L’homme au sol à la tête recouverte d’un foulard symbolise les journaliers, paysans travaillant temporairement à Paris, souvent dans les usines, lorsqu’il n’y a plus d’emploi dans les champs. Le bleu de sa blouse, le blanc de sa chemise et le rouge de sa ceinture rappellent les couleurs du drapeau. Sa position suggère une blessure, mais il trouve la force de se redresser dans un mouvement du peuple vers la Liberté.
Jeune garçon - La liberté guidant le peuple
Les enfants ne sont pas épargnés par la violence des combats, comme en témoignent les deux jeunes garçons qui symbolisent les gamins de Paris ayant participé aux émeutes durant les Trois Glorieuses. Le premier, qui inspira peut-être Victor Hugo pour son personnage de Gavroche dans Les misérables, se tient debout à droite, aux côtés de la Liberté, bonnet de velours et sacoche d’écolier, regard braqué sur le spectateur, tandis que le second git à gauche, agrippé aux pavés, un bonnet de police sans doute volé sur la tête. Ils incarnent la jeunesse révoltée par l'injustice et l’espoir d’un avenir meilleur. Ils peuvent également symboliser le désordre et la délinquance, comme l’indique le port des pistolets dans chaque main, probablement trouvés sur les soldats morts.

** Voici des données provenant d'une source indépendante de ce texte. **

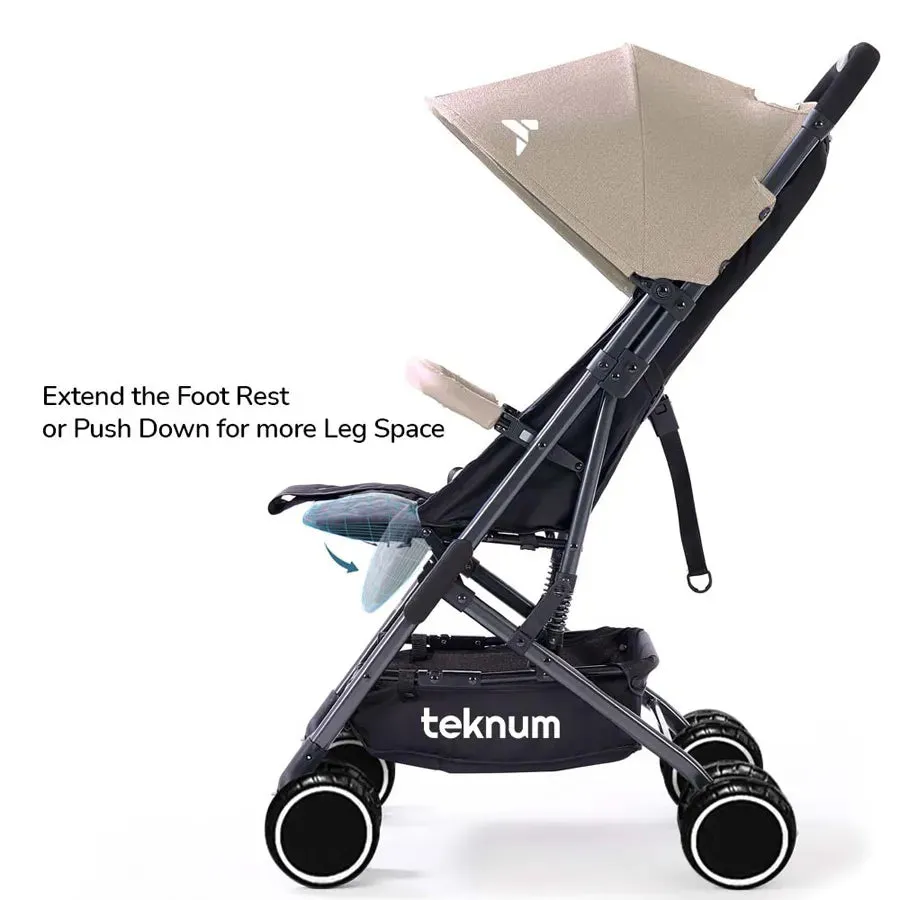 Teknum Yoga Lite Stroller (Ivory)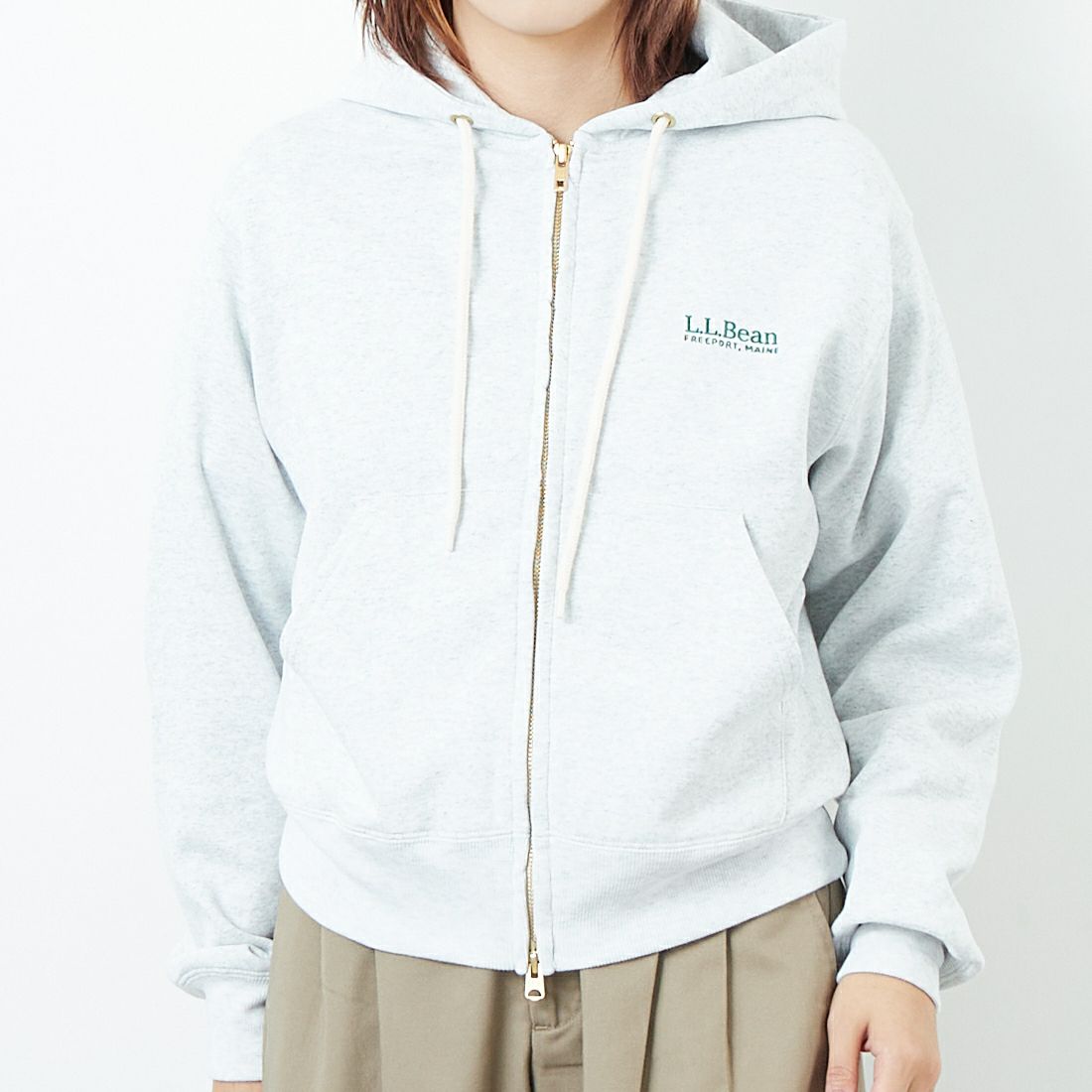 L.L.BEAN [エルエルビーン] 19 BIRCH PORTAGE フルジップフーデッドスウェット [5475-1135] 19 BIRCH &&モデル身長：168cm 着用サイズ：M&&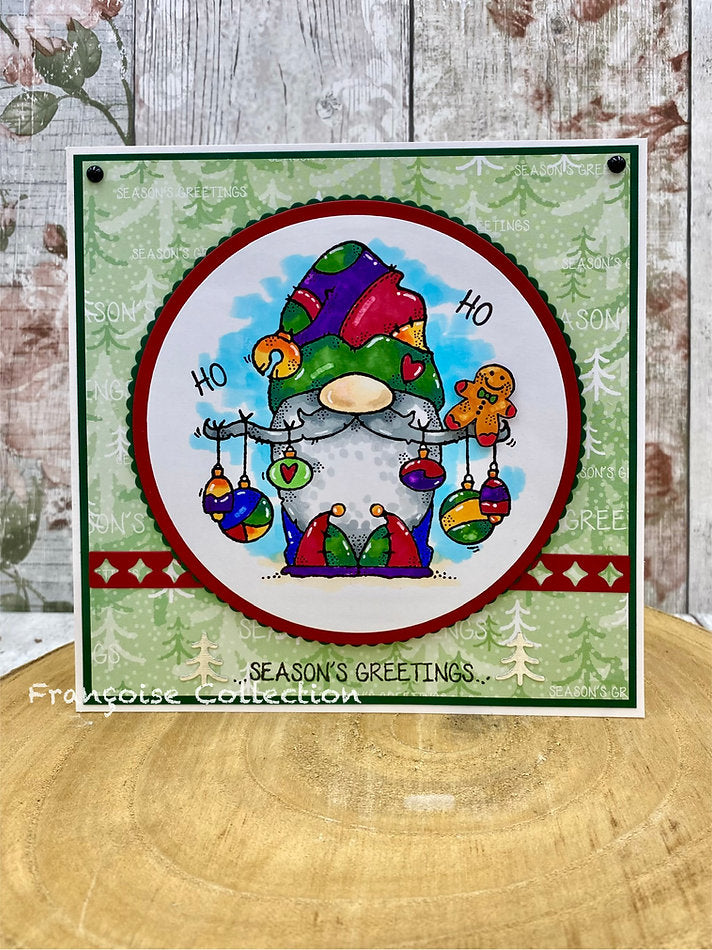Woodware - Elf Costume A6 Clear Stamp Set By Françoise Read - WFRS0169
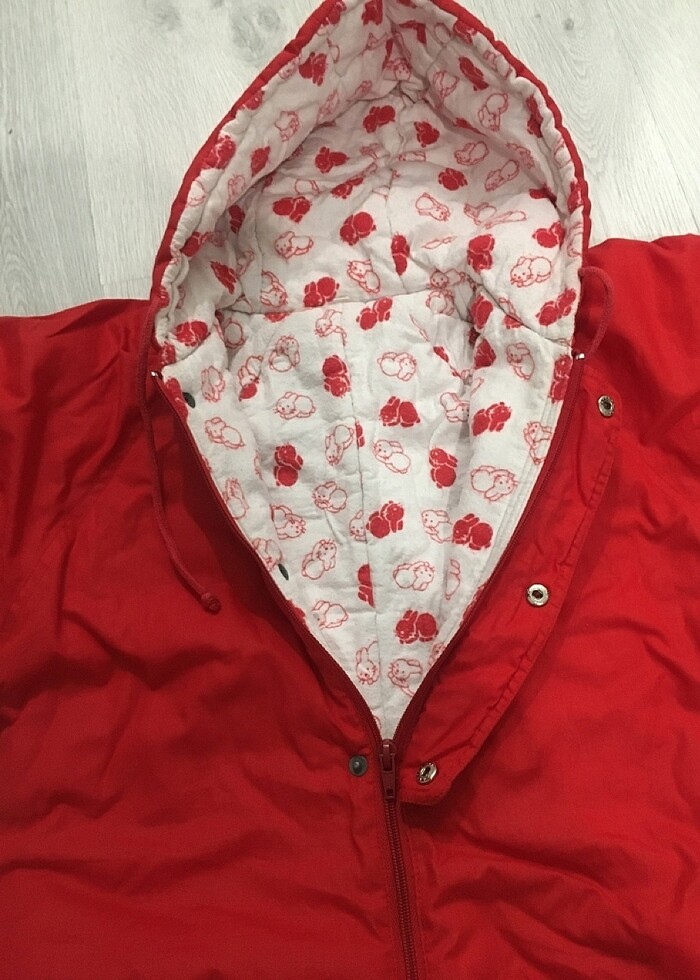 Bebek kırmızı astronot tulum - Görsel 2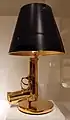 Gold plated gun lamp designed for Flos, 2005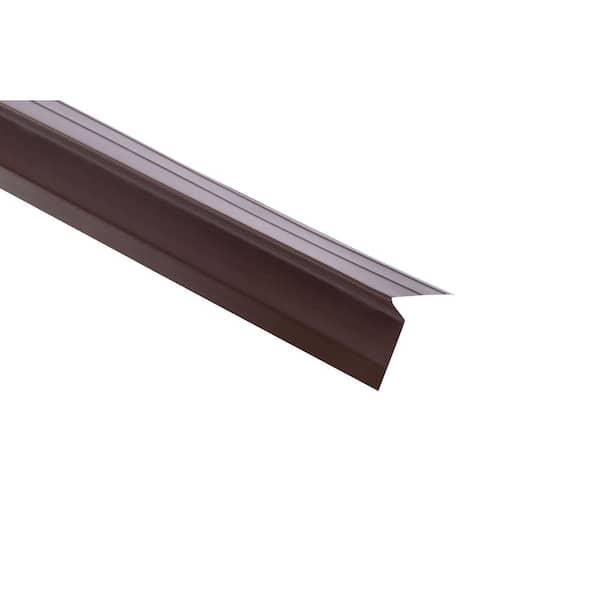 Gibraltar Building Products 2-5/16 in. x 1-1/4 in. x 10 ft. Galvanized Steel Eave Drip Flashing in Brown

Homme étendu au sol - La liberté guidant le peuple
Deux dépouilles ressortent des corps sans vie jonchant le sol, témoins de la violence des affrontements. La première est très proche du spectateur et uniquement vêtue d’une chemise blanche et d'une chaussette bleue, tandis que la seconde est allongée en uniforme auprès d’autres soldats. La foule qui marche sur eux symbolise le prix à payer pour que le peuple gagne sa liberté.
Conclusion
Attaché aux valeurs républicaines et aux idéaux libéraux, le roi Louis-Philippe Ier achète l’œuvre de Delacroix pour 3 000 francs dans le but de l'exposer au Palais du Luxembourg. Le tableau n’y est présenté que quelques mois. Il est retiré par Hippolyte Royer-Collard, directeur des Beaux-Arts, qui le fait mettre dans les réserves de peur que son sujet encourage les émeutes. Edmond Cavé, son successeur, permet à Delacroix de la reprendre en 1839. Cela illustre bien le contexte de politisation de l’art en France au 19ème siècle. Par ailleurs, le tableau reçoit un très mauvais accueil du public qui crie au scandale, jugeant l’œuvre vulgaire, la Liberté sale, débraillée, dévergondée et peu féminine. Sa représentation est contraire à l'usage de l’époque de peindre des allégories idéalisées. Cette peinture est aujourd’hui devenue un chef d’œuvre iconique qui n’est pas sans rappeler Le radeau de la méduse de Géricault.